***** DATA UNDER STUDY *****
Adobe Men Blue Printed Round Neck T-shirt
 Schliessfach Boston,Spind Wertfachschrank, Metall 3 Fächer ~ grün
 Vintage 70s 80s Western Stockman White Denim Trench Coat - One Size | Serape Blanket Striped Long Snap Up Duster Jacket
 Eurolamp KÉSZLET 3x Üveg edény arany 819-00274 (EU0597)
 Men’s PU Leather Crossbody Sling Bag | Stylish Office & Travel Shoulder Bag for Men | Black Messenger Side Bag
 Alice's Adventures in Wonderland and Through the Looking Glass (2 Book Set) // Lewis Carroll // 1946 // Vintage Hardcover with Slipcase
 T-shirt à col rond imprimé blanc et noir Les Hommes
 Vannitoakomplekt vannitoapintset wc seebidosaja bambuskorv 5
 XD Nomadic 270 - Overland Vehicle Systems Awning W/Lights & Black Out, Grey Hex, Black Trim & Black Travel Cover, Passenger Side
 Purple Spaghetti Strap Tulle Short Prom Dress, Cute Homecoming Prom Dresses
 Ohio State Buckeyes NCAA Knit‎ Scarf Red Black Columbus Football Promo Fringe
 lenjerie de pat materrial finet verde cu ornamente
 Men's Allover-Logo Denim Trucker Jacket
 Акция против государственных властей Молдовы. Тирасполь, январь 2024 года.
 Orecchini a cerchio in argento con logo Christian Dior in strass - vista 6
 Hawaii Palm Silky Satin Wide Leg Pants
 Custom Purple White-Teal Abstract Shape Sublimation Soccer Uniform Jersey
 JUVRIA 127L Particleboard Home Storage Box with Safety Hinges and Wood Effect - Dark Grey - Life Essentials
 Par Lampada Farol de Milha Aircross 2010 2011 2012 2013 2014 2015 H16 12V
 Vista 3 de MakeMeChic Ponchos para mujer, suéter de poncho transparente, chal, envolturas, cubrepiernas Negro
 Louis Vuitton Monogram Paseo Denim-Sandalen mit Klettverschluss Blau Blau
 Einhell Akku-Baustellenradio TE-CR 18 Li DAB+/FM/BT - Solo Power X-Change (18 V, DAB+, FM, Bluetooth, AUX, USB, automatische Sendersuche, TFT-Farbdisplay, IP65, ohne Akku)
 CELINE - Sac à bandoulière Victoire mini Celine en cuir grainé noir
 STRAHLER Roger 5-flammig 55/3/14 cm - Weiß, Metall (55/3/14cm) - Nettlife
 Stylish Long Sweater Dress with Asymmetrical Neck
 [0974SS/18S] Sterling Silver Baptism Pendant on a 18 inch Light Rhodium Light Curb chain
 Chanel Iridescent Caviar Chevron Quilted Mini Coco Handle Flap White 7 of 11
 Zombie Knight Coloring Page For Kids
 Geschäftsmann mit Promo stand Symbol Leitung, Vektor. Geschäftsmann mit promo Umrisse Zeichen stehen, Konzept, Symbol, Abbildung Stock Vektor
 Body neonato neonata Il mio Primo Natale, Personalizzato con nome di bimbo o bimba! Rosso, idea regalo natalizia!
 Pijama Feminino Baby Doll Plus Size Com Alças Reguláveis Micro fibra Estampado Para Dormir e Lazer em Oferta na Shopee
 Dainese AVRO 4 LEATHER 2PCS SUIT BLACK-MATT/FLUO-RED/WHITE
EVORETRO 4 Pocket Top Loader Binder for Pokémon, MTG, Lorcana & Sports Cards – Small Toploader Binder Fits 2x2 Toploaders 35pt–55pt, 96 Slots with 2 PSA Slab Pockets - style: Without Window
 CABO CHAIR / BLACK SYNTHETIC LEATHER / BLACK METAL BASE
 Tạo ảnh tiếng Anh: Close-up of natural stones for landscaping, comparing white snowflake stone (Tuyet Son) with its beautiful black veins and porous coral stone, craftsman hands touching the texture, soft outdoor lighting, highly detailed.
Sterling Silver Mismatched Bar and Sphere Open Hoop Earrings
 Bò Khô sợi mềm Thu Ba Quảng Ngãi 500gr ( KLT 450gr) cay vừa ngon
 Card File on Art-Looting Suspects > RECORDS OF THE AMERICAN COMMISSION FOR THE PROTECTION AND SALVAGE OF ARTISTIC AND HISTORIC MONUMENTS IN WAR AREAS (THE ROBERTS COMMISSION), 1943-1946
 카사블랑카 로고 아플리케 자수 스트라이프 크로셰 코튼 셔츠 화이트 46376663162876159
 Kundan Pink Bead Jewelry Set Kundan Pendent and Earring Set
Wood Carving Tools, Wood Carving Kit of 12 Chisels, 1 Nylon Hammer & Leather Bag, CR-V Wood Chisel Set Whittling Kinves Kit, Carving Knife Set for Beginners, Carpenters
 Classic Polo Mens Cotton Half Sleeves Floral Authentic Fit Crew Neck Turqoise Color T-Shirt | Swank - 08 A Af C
*****
**REQUIRED ACTION**
The whole block of entries above should be repeated exactly.

**SOLUTION TO THIS PROBLEM**
Adobe Men Blue Printed Round Neck T-shirt
 Schliessfach Boston,Spind Wertfachschrank, Metall 3 Fächer ~ grün
 Vintage 70s 80s Western Stockman White Denim Trench Coat - One Size | Serape Blanket Striped Long Snap Up Duster Jacket
 Eurolamp KÉSZLET 3x Üveg edény arany 819-00274 (EU0597)
 Men’s PU Leather Crossbody Sling Bag | Stylish Office & Travel Shoulder Bag for Men | Black Messenger Side Bag
 Alice's Adventures in Wonderland and Through the Looking Glass (2 Book Set) // Lewis Carroll // 1946 // Vintage Hardcover with Slipcase
 T-shirt à col rond imprimé blanc et noir Les Hommes
 Vannitoakomplekt vannitoapintset wc seebidosaja bambuskorv 5
 XD Nomadic 270 - Overland Vehicle Systems Awning W/Lights & Black Out, Grey Hex, Black Trim & Black Travel Cover, Passenger Side
 Purple Spaghetti Strap Tulle Short Prom Dress, Cute Homecoming Prom Dresses
 Ohio State Buckeyes NCAA Knit‎ Scarf Red Black Columbus Football Promo Fringe
 lenjerie de pat materrial finet verde cu ornamente
 Men's Allover-Logo Denim Trucker Jacket
 Акция против государственных властей Молдовы. Тирасполь, январь 2024 года.
 Orecchini a cerchio in argento con logo Christian Dior in strass - vista 6
 Hawaii Palm Silky Satin Wide Leg Pants
 Custom Purple White-Teal Abstract Shape Sublimation Soccer Uniform Jersey
 JUVRIA 127L Particleboard Home Storage Box with Safety Hinges and Wood Effect - Dark Grey - Life Essentials
 Par Lampada Farol de Milha Aircross 2010 2011 2012 2013 2014 2015 H16 12V
 Vista 3 de MakeMeChic Ponchos para mujer, suéter de poncho transparente, chal, envolturas, cubrepiernas Negro
 Louis Vuitton Monogram Paseo Denim-Sandalen mit Klettverschluss Blau Blau
 Einhell Akku-Baustellenradio TE-CR 18 Li DAB+/FM/BT - Solo Power X-Change (18 V, DAB+, FM, Bluetooth, AUX, USB, automatische Sendersuche, TFT-Farbdisplay, IP65, ohne Akku)
 CELINE - Sac à bandoulière Victoire mini Celine en cuir grainé noir
 STRAHLER Roger 5-flammig 55/3/14 cm - Weiß, Metall (55/3/14cm) - Nettlife
 Stylish Long Sweater Dress with Asymmetrical Neck
 [0974SS/18S] Sterling Silver Baptism Pendant on a 18 inch Light Rhodium Light Curb chain
 Chanel Iridescent Caviar Chevron Quilted Mini Coco Handle Flap White 7 of 11
 Zombie Knight Coloring Page For Kids
 Geschäftsmann mit Promo stand Symbol Leitung, Vektor. Geschäftsmann mit promo Umrisse Zeichen stehen, Konzept, Symbol, Abbildung Stock Vektor
 Body neonato neonata Il mio Primo Natale, Personalizzato con nome di bimbo o bimba! Rosso, idea regalo natalizia!
 Pijama Feminino Baby Doll Plus Size Com Alças Reguláveis Micro fibra Estampado Para Dormir e Lazer em Oferta na Shopee
 Dainese AVRO 4 LEATHER 2PCS SUIT BLACK-MATT/FLUO-RED/WHITE
EVORETRO 4 Pocket Top Loader Binder for Pokémon, MTG, Lorcana & Sports Cards – Small Toploader Binder Fits 2x2 Toploaders 35pt–55pt, 96 Slots with 2 PSA Slab Pockets - style: Without Window
 CABO CHAIR / BLACK SYNTHETIC LEATHER / BLACK METAL BASE
 Tạo ảnh tiếng Anh: Close-up of natural stones for landscaping, comparing white snowflake stone (Tuyet Son) with its beautiful black veins and porous coral stone, craftsman hands touching the texture, soft outdoor lighting, highly detailed.
Sterling Silver Mismatched Bar and Sphere Open Hoop Earrings
 Bò Khô sợi mềm Thu Ba Quảng Ngãi 500gr ( KLT 450gr) cay vừa ngon
 Card File on Art-Looting Suspects > RECORDS OF THE AMERICAN COMMISSION FOR THE PROTECTION AND SALVAGE OF ARTISTIC AND HISTORIC MONUMENTS IN WAR AREAS (THE ROBERTS COMMISSION), 1943-1946
 카사블랑카 로고 아플리케 자수 스트라이프 크로셰 코튼 셔츠 화이트 46376663162876159
 Kundan Pink Bead Jewelry Set Kundan Pendent and Earring Set
Wood Carving Tools, Wood Carving Kit of 12 Chisels, 1 Nylon Hammer & Leather Bag, CR-V Wood Chisel Set Whittling Kinves Kit, Carving Knife Set for Beginners, Carpenters
 Classic Polo Mens Cotton Half Sleeves Floral Authentic Fit Crew Neck Turqoise Color T-Shirt | Swank - 08 A Af C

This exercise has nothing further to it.